From the Union Leader…
MANCHESTER – A group battling what it says is government spending run amok has submitted enough signatures to place a city spending cap on the general election ballot Nov. 4.
The New Hampshire Advantage Coalition delivered an additional 2,000 names to Manchester City Hall on Saturday, bringing the total approved signatures to 4,036, the city clerk’s office confirmed.
When voters head to the polls to choose a president, a governor and congressional and state representation, they will also be asked to consider tying city spending to the rate of inflation, plus population growth.
“Taxpayers are being hit from all levels right now,” said Michael Biundo, the group’s chairman.
The anti-spending groundswell is behind similar proposals in Concord, Rochester and Somersworth. Biundo is confident the necessary number of signatures will be delivered to the Concord City Clerk’s office by today. Rochester debates a proposed tax cap in a public hearing tonight at 7 in City Council chambers.
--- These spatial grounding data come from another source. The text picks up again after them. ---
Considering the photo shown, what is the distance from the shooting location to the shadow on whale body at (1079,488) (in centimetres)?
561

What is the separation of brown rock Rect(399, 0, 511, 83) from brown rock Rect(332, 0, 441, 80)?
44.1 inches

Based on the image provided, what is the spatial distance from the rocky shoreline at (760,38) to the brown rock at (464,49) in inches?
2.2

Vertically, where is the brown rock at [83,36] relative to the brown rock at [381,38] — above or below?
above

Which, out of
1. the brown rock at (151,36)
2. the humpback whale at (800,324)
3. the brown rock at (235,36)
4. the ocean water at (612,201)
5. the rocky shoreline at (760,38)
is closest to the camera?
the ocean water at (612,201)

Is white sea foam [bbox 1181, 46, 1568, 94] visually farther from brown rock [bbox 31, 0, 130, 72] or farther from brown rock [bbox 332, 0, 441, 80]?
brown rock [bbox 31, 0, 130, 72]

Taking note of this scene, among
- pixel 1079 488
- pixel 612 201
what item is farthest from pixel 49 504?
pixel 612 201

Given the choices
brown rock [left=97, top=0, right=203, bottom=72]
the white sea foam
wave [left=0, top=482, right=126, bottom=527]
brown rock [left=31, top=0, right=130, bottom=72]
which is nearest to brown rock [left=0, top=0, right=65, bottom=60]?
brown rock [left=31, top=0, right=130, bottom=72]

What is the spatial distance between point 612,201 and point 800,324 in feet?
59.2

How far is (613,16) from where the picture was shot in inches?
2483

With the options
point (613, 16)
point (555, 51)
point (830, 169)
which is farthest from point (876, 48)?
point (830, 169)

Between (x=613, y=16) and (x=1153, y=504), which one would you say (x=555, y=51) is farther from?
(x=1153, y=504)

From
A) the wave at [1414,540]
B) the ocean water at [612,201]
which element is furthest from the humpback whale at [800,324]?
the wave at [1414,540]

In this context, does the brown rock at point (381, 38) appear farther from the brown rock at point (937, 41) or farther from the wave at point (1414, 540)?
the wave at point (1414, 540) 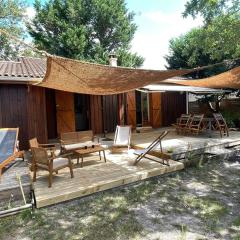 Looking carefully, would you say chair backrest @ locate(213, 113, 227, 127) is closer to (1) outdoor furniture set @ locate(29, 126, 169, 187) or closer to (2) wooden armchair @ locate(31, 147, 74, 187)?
(1) outdoor furniture set @ locate(29, 126, 169, 187)

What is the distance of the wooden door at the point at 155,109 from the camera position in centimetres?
1195

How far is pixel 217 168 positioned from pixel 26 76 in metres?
5.56

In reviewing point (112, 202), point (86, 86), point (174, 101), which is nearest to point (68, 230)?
point (112, 202)

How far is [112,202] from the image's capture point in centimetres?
433

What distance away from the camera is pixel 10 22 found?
22797 mm

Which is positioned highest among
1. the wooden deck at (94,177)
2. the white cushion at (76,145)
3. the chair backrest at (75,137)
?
the chair backrest at (75,137)

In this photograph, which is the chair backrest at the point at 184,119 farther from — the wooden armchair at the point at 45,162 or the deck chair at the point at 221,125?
the wooden armchair at the point at 45,162

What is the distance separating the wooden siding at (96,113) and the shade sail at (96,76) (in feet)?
13.6

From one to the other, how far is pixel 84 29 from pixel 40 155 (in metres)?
16.6

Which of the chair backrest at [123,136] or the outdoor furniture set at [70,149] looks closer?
the outdoor furniture set at [70,149]

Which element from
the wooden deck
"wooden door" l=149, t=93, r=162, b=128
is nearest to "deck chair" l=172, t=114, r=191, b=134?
"wooden door" l=149, t=93, r=162, b=128

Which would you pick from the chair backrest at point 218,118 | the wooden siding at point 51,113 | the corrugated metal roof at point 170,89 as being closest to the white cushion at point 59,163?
the corrugated metal roof at point 170,89

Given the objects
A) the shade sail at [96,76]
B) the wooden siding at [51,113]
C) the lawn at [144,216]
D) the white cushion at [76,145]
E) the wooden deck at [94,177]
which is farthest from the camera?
the wooden siding at [51,113]

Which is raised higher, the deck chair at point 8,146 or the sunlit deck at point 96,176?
the deck chair at point 8,146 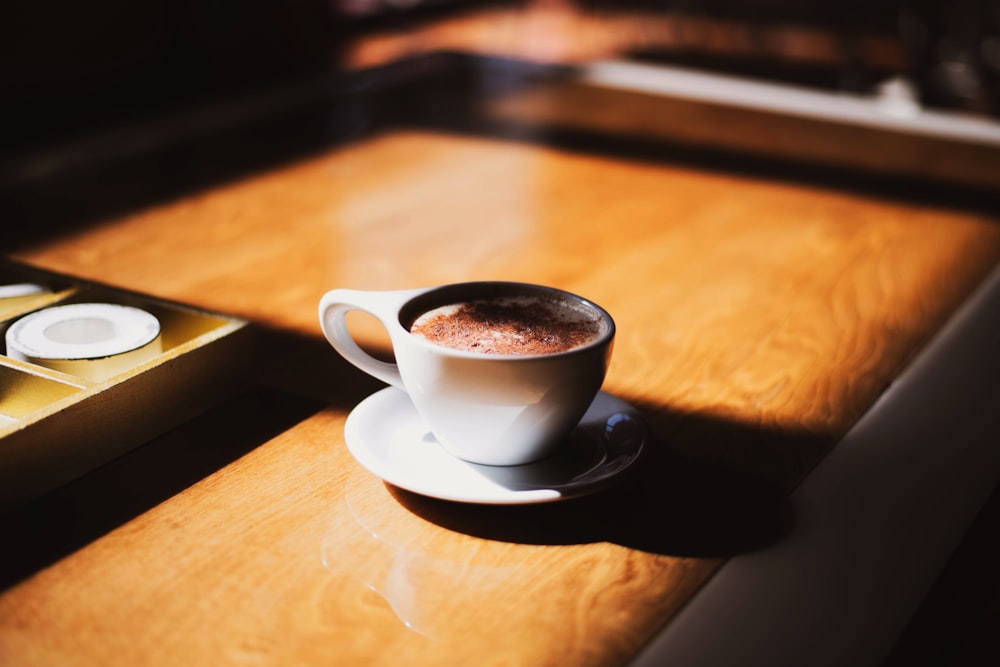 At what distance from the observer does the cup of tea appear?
0.61 meters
Rochester Mayor John H. Larochelle opposes it. He is warning voters that a cap would sap the city of its fiscal flexibility and potentially erode municipal services.
“At some point, you get what you pay for,” Larochelle said.
Such caps have another foe in Granite State Progress, an advocacy group that warns of disastrous results for government services.
Municipal appropriations have grown significantly in larger communities, with some greater than the rate of inflation, according to the New Hampshire Center for Public Policy Studies, an independent and non-partisan research center in Concord.
Manchester’s per capita net appropriations, the amount to be raised by taxes, increased 29.8 percent from 2001 to 2006, for a 5.4 percent annual average, the center reported in its study, “Financing New Hampshire’s Cities and Towns.”
Other cities, with their five-year average followed by annual average for net appropriations, included: Concord, 15.7 percent and 3 percent; Dover, 40.5 percent and 7 percent; Franklin, 18.7 percent and 3.5 percent; Rochester, 46.8 percent and 8 percent; and Somersworth, 50.5 percent and 8.5 percent.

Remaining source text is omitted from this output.